Onde encontrar o Deus cristão nisso, onde está o amor e nossa natureza divina, imagem e semelhança da criação?

Pascal, assim como outros pensadores cristãos, via a maldade humana como consequência do pecado original, mas a presença do amor divino ainda ficava obscurecida, ele acreditava, mas queria também saber! Lutou muito com seu paradoxo entre o que a razão lhe mostrava e o que seu coração pedia, ficava como aquele que joga uma moeda para cima, cinquenta por cento de chance para cada lado.

Foi assim que ele chegou a um pensamento que ficou conhecido como “A aposta de Pascal” que consta de seu livro “Pensamentos”, publicado após sua morte. Sua aposta é baseada na probabilidade, ou seja, como poderíamos apostar na existência de Deus?

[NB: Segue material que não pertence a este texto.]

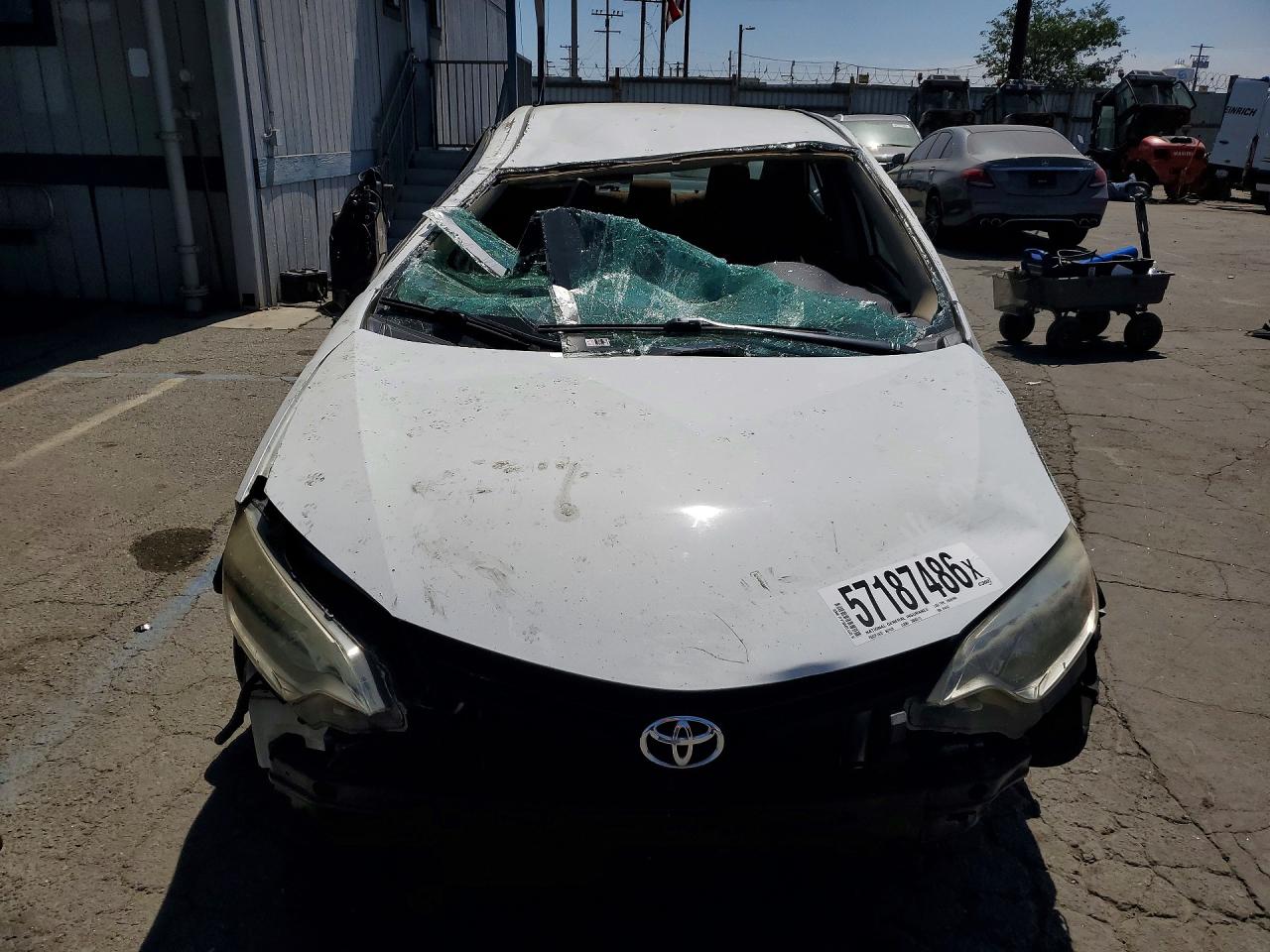 2014 Toyota Corolla Le Plus White vin: 5YFBURHE2EP014142
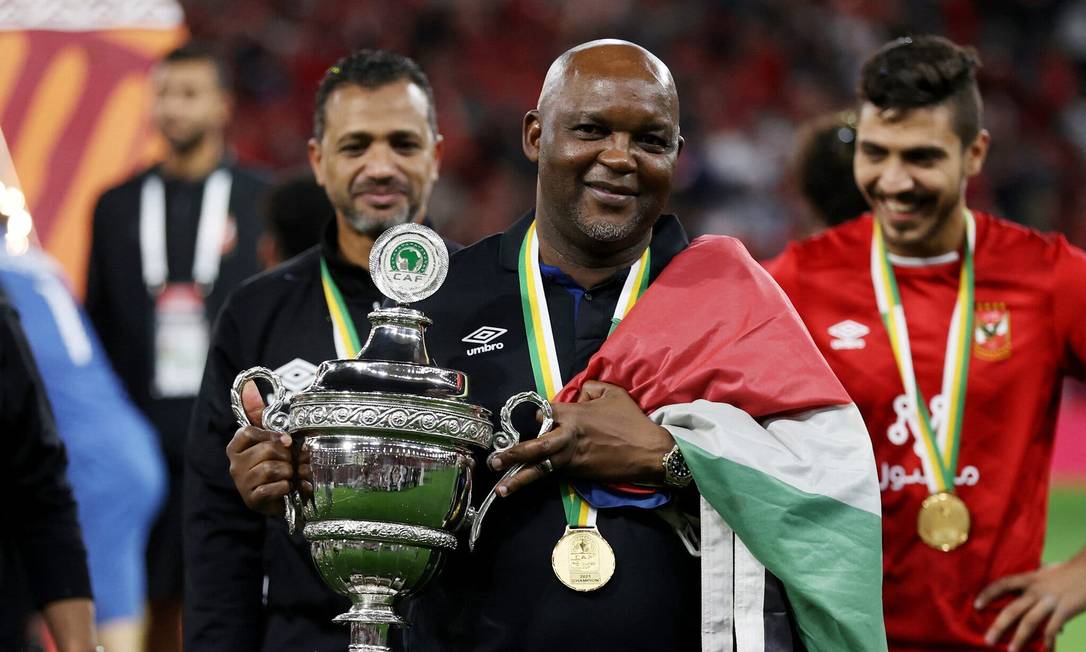 Pitso Mosimane. Foto: Ibraheem Al Omari/Reuters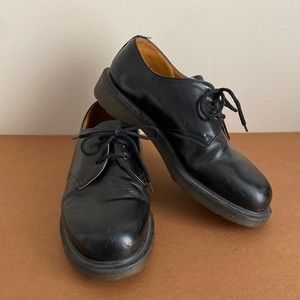 Dr. Martens Oxfords Made in England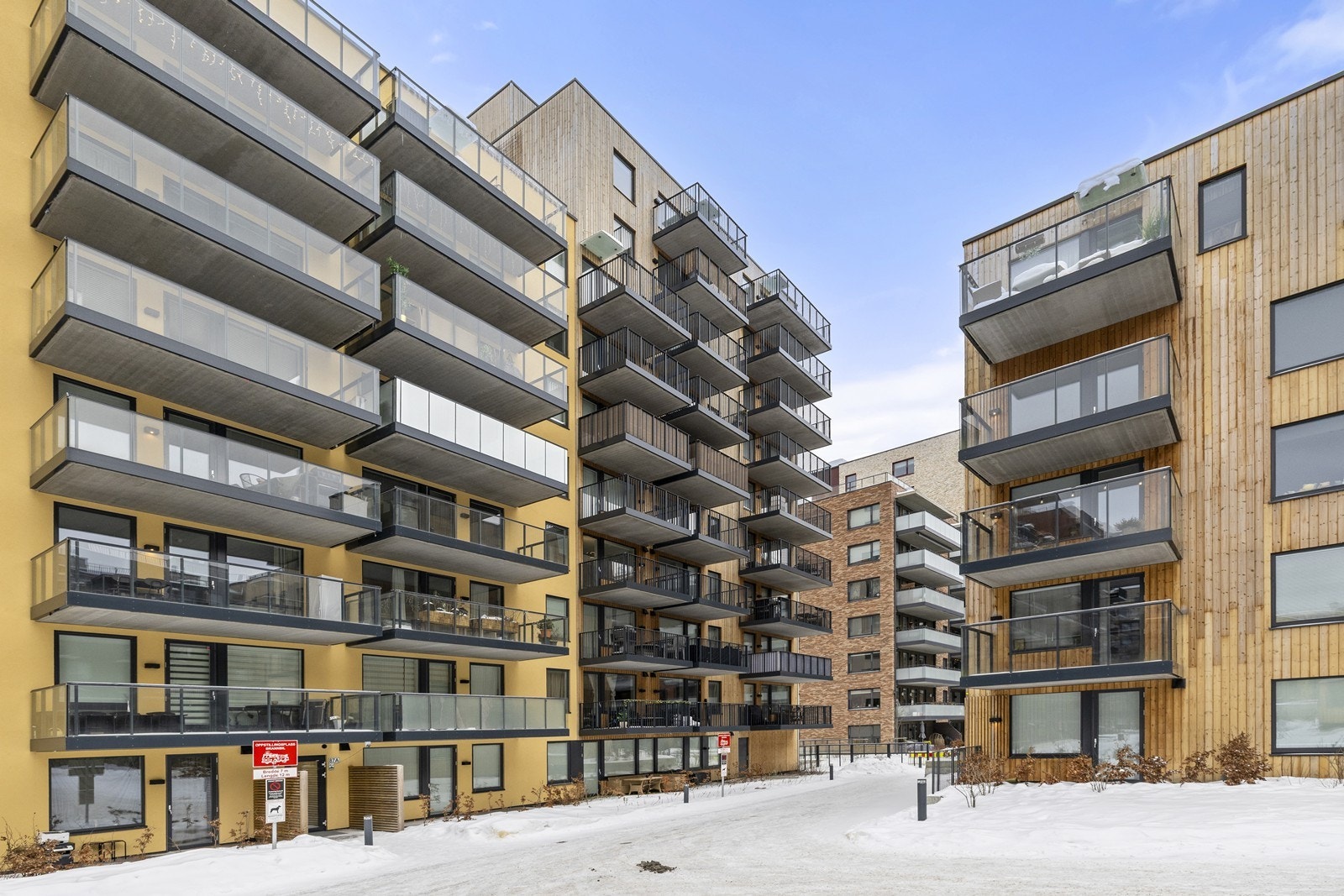 Bygget er fra 2024 og har en moderne fasade med teglstein, murpuss og panel. Galleribilde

Como saber ninguém sabe, já que Deus é artigo de fé, em outras palavras; você precisa não saber que Deus existe para poder acreditar nele. Ninguém coloca fé no que sabe. Assim, Pascal nos convida a pensar dos dois modos; Deus existindo ou não.

Vamos começar pensando na possibilidade de Deus não existir. A vida será vivida sem a ilusão de alguma continuidade da existência após a morte, sem paraíso ou inferno para passar a eternidade. Também não perderia seu tempo em ir a igrejas, rezar, fazer promessas, deixar de comer carne na Sexta-Feira Santa, se confessar e muito menos pedir ajuda “superior” para resolver seus problemas. Ser uma pessoa correta e ética seria uma decisão pessoal, sem nenhuma recompensa além dos limites da vida do corpo. Não haveria créditos na eternidade!

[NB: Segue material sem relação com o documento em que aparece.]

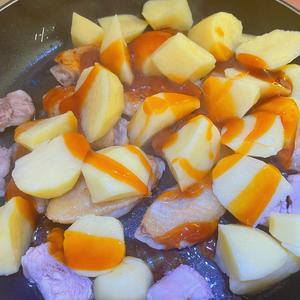 超简单入味鲍鱼汁鸡中翅焖土豆的做法 步骤6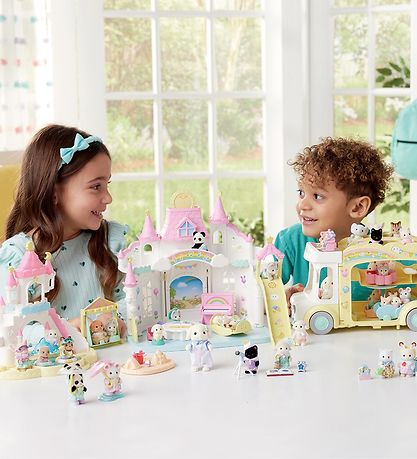 Sylvanian Families - Nursery Sandbox & Pool - 5746
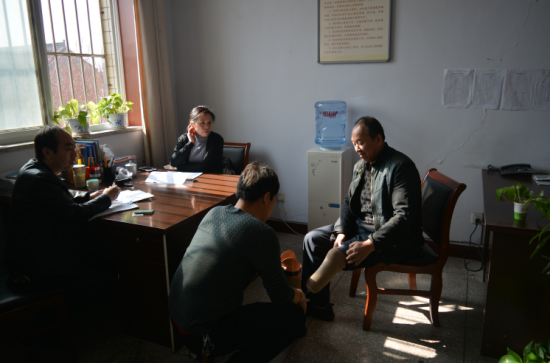 闻喜残联组织开展残疾人假肢装配筛查工作(图1)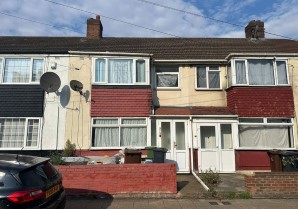 Property for Auction in London - 301 New Road, Dagenham, Essex, RM10 9ND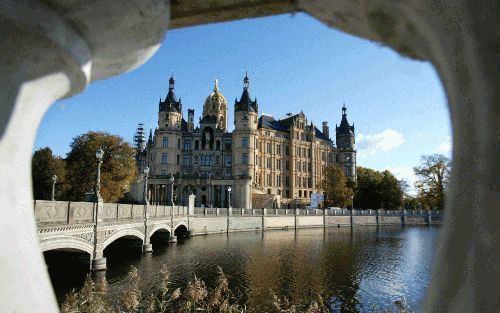 Het schilderachtige slot op het eiland in het meer van Schwerin, waar prins Hendrik is geboren en getogen. Foto’s RD, Anton Dommerholt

Porém, Pascal vai alertá-lo de uma questão; como você não tem certeza da existência de Deus, corre o riso D’Ele existir, e aí sua conta de débito de ausência e falta de prática cristã lhe trará grandes prejuízos depois da morte, já que existirá um lugar aonde ir e tudo que você não fez como cristão será levado em conta e seu prejuízo será enorme.

Já para quem acredita é mais fácil, vive essa crença em suas práticas religiosas e vida pessoal, estando garantido no que virá depois.

Para garantir um bom resultado, Pascal sugere que, mesmo que você não acredite, aposte que Deus existe e viva como se isso fosse verdade! Nesse caso, você cumpre os mandamentos, vai na igreja, reza, se confessa, lê a bíblia etc. Assim, se Deus existir, você terá direito ao plano “premium” e receberá todos os benefícios vindouros como a glória eterna, dentre outros.

Mas como fazer, afinal se não acredita, como conseguir acreditar verdadeiramente? A resposta que Pascal dará, em outras palavras, é a seguinte: aja como se fosse, conviva com quem acredita que, com o tempo e pela repetição das práticas você acabará acreditando! Seria ser duro com Pascal, mas ele confiava no lema do marketing: diga (faça) algo mil vezes que…

No fim é o seguinte; o mais lógico e racional é acreditar que Deus existe, segundo Pascal, não há nada a perder, só ganhar. Além é claro de você ser uma pessoa correta que viverá uma vida boa, amando e sendo amado. Como ele mesmo diz: “Em caso de vitória ganha-se tudo, em caso de derrota, perde-se nada!”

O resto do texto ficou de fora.